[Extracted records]
::::

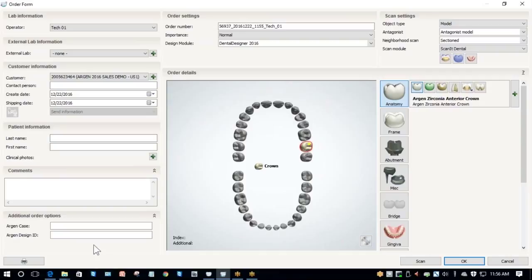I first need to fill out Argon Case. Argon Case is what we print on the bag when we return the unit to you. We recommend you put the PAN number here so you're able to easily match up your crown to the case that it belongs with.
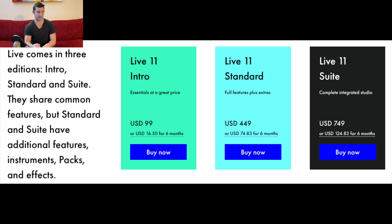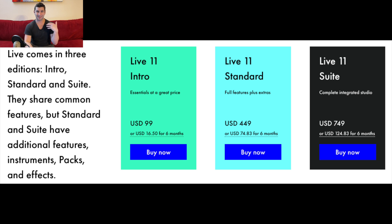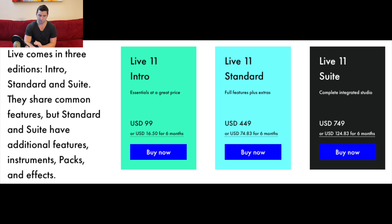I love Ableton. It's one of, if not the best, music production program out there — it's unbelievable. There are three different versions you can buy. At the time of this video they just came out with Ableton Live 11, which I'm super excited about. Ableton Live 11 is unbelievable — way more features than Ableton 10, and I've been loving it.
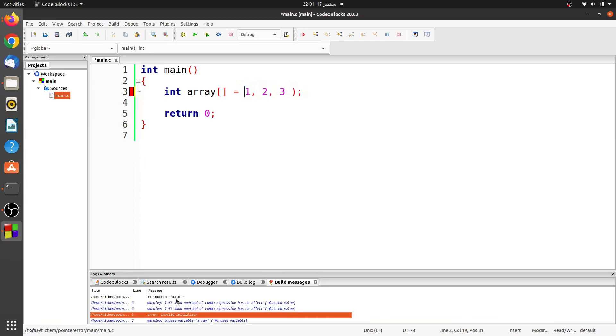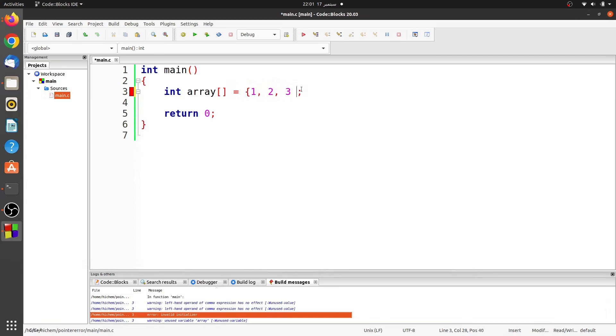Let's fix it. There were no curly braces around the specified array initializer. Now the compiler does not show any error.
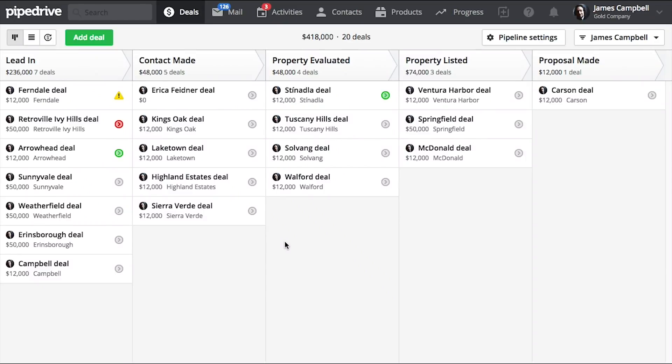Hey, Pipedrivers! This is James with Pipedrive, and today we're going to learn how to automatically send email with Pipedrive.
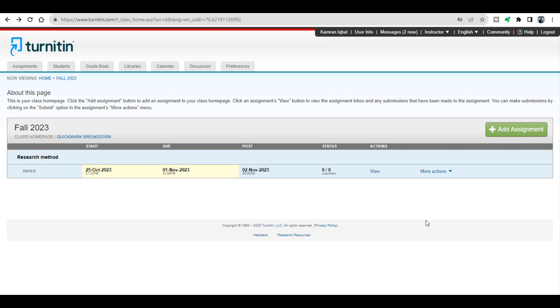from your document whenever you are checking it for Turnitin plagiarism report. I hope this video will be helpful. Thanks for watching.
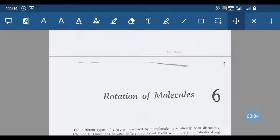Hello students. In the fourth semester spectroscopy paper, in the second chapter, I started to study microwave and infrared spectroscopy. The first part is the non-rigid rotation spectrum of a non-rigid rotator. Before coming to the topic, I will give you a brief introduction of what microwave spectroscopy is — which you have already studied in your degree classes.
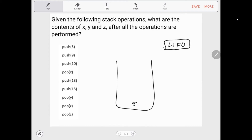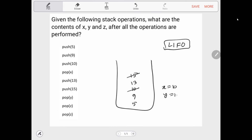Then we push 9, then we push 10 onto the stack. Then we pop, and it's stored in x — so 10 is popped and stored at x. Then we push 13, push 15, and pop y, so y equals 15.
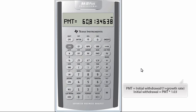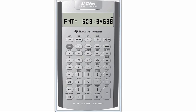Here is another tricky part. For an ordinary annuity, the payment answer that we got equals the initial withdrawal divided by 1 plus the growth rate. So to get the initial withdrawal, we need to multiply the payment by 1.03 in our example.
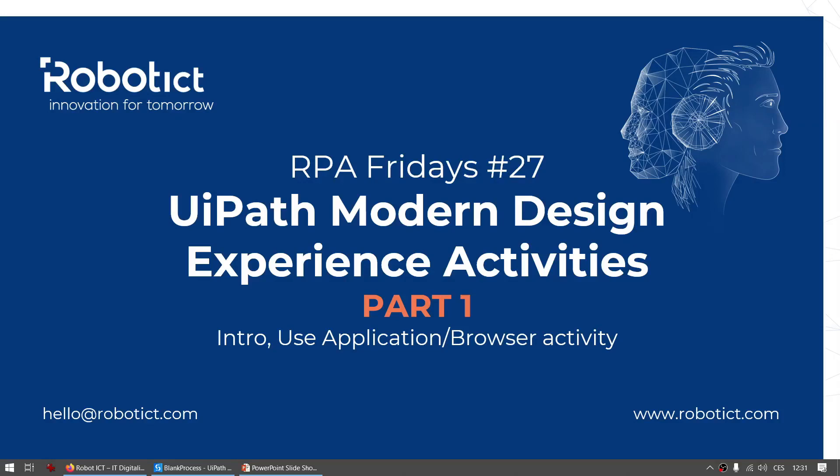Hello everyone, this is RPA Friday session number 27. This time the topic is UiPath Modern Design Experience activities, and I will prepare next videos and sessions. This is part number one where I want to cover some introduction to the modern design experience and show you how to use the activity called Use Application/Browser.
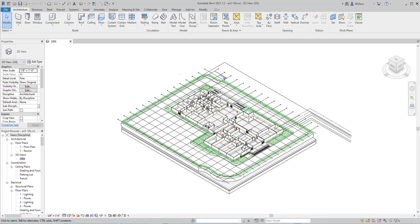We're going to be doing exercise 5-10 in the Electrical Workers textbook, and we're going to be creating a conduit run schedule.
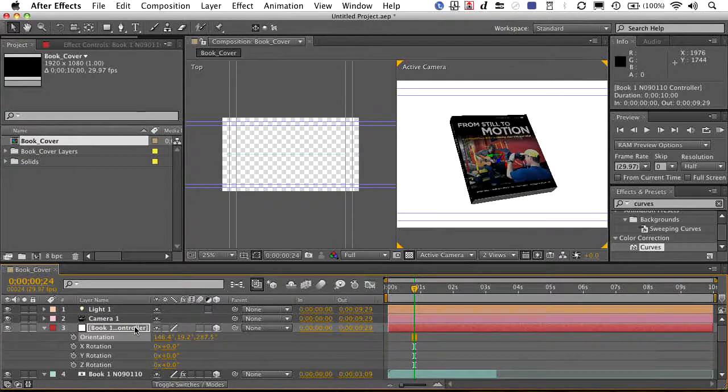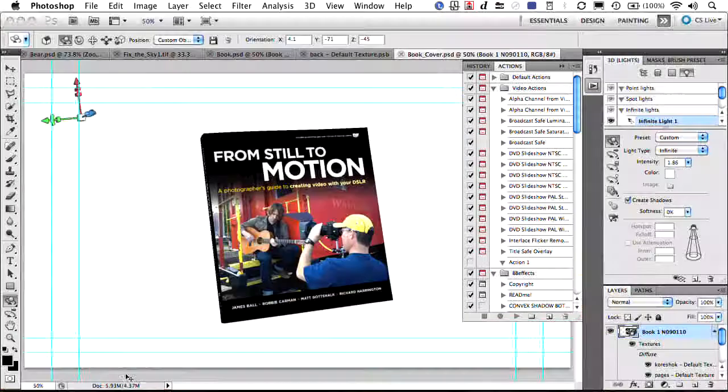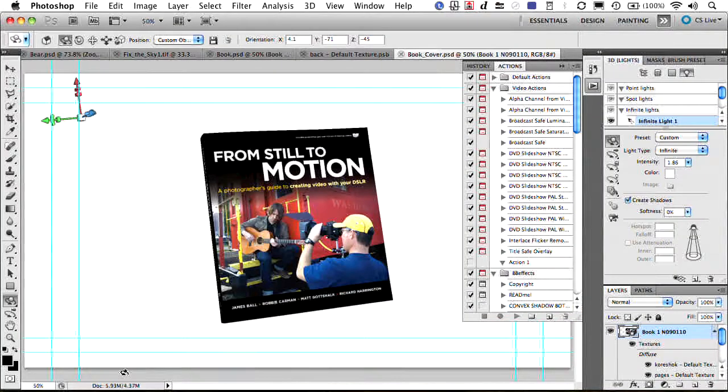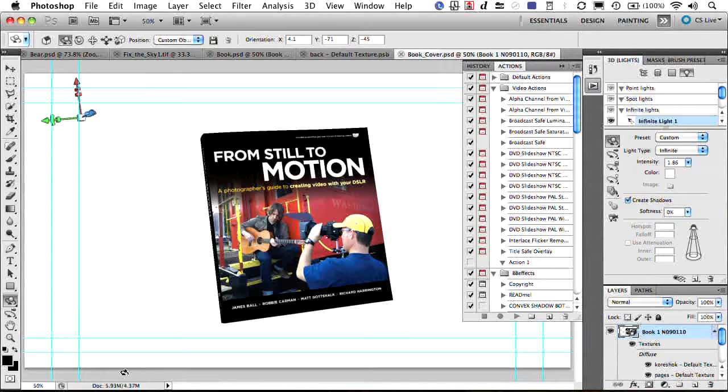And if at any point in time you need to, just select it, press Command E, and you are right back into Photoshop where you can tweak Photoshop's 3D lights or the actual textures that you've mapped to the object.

::::

EXERCISE GOAL
Starting at the line containing "Hey, Pipedrivers! This" and finishing at the line containing "from your document", return those lines exactly as they appear above, without the pictures.

EXERCISE ANSWER
Hey, Pipedrivers! This is James with Pipedrive, and today we're going to learn how to automatically send email with Pipedrive.
from your document whenever you are checking it for Turnitin plagiarism report. I hope this video will be helpful. Thanks for watching.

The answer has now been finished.